When you reach the line containing "SINGREINY High Quality", repeat that line and each one after it exactly until the records end, leaving out pictures.

Short text fragments from websites:
..............................

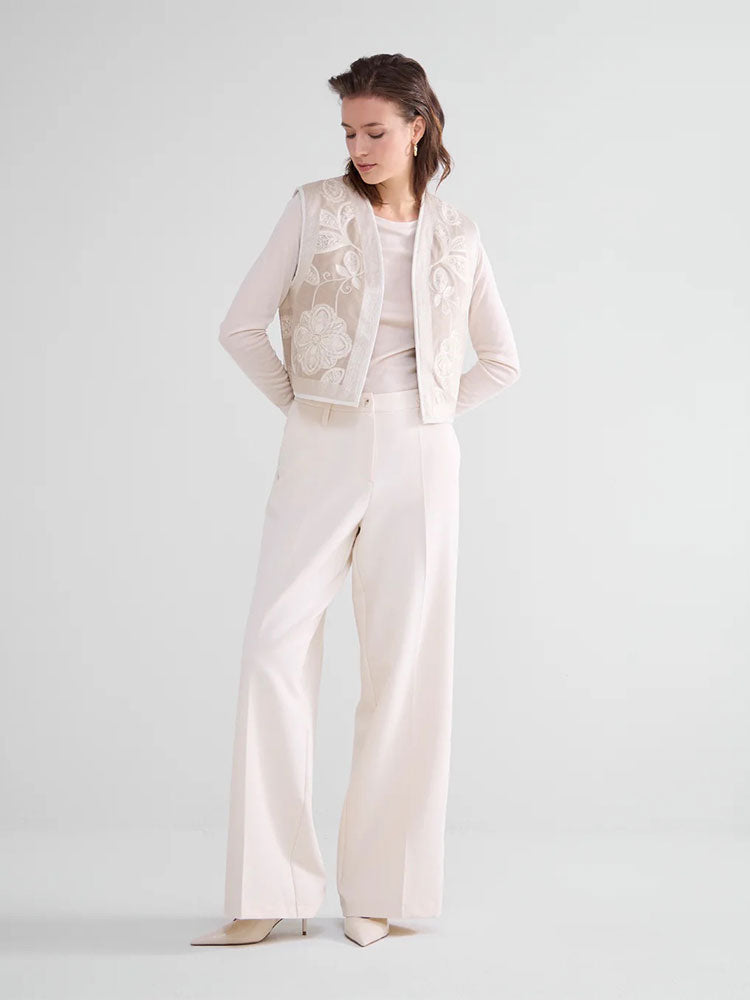 Summum Wide Leg Trousers Ivory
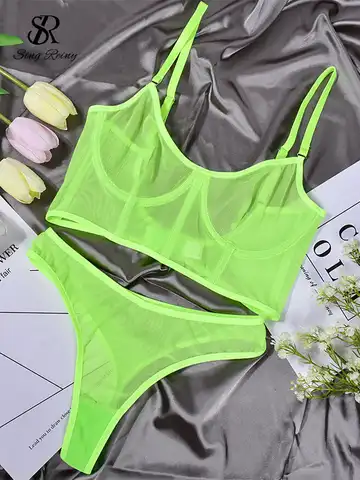 SINGREINY High Quality Sensual Sheer Underwear Suits Corset Club Mesh Bodycon Lingerie Women Y2K Sexy 2023 Erotic 2 Pieces Sets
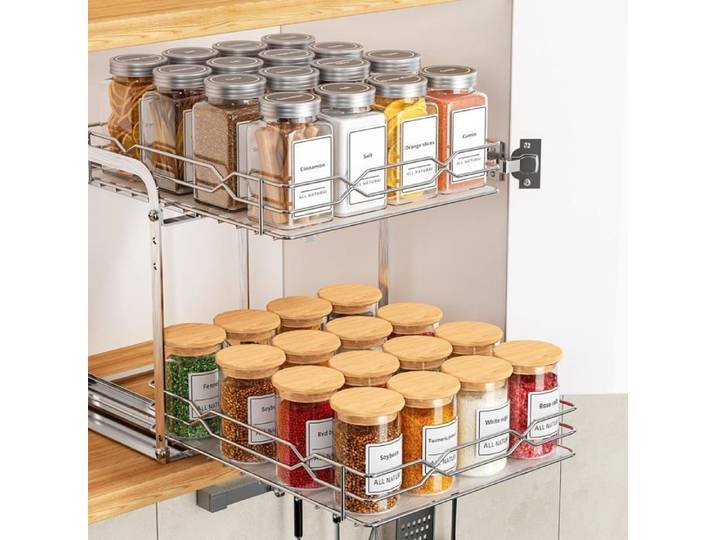 Étagère À Épices Pour Intérieur D'Armoire Organiseur De Placard Coulissant Étagère À Épices À 2 Niveaux Organiseur À Épices [AT304]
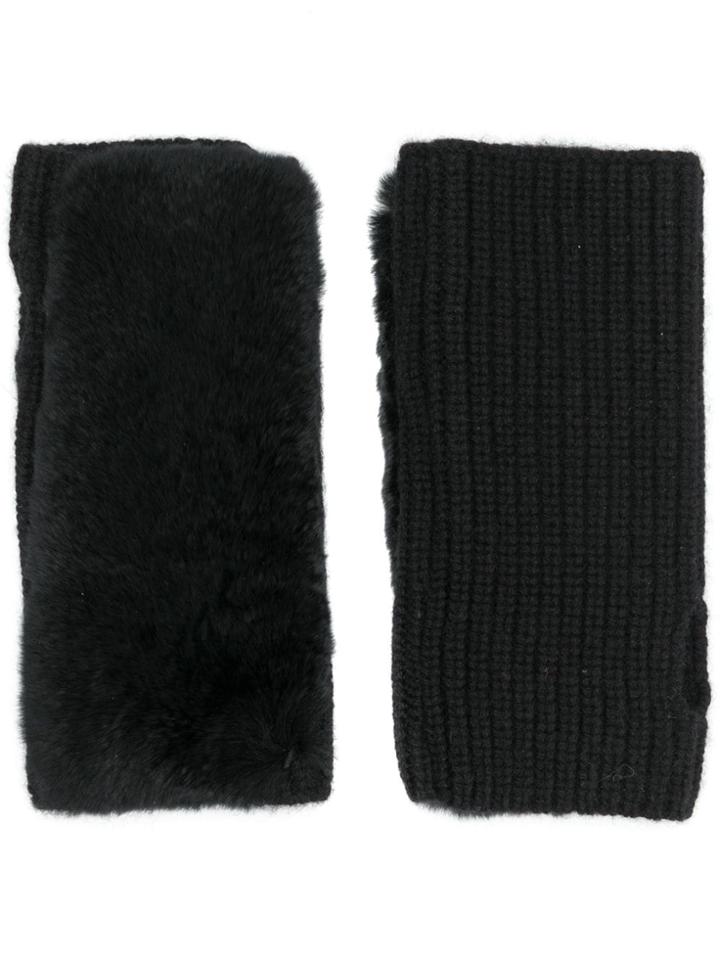 Yves Salomon Ribbed Mittens - Black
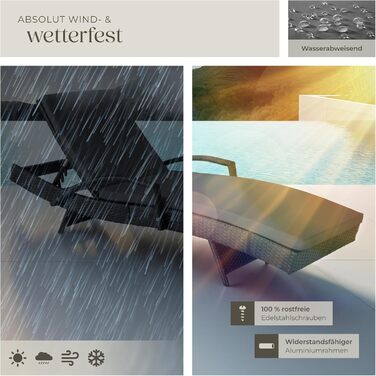 Шезлонг Tectake® з поліротангу, регульована спинка, для саду, балкону та тераси - чорний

..............................

:: ANSWER BELOW ::
 SINGREINY High Quality Sensual Sheer Underwear Suits Corset Club Mesh Bodycon Lingerie Women Y2K Sexy 2023 Erotic 2 Pieces Sets
 Étagère À Épices Pour Intérieur D'Armoire Organiseur De Placard Coulissant Étagère À Épices À 2 Niveaux Organiseur À Épices [AT304]
 Yves Salomon Ribbed Mittens - Black
 Шезлонг Tectake® з поліротангу, регульована спинка, для саду, балкону та тераси - чорний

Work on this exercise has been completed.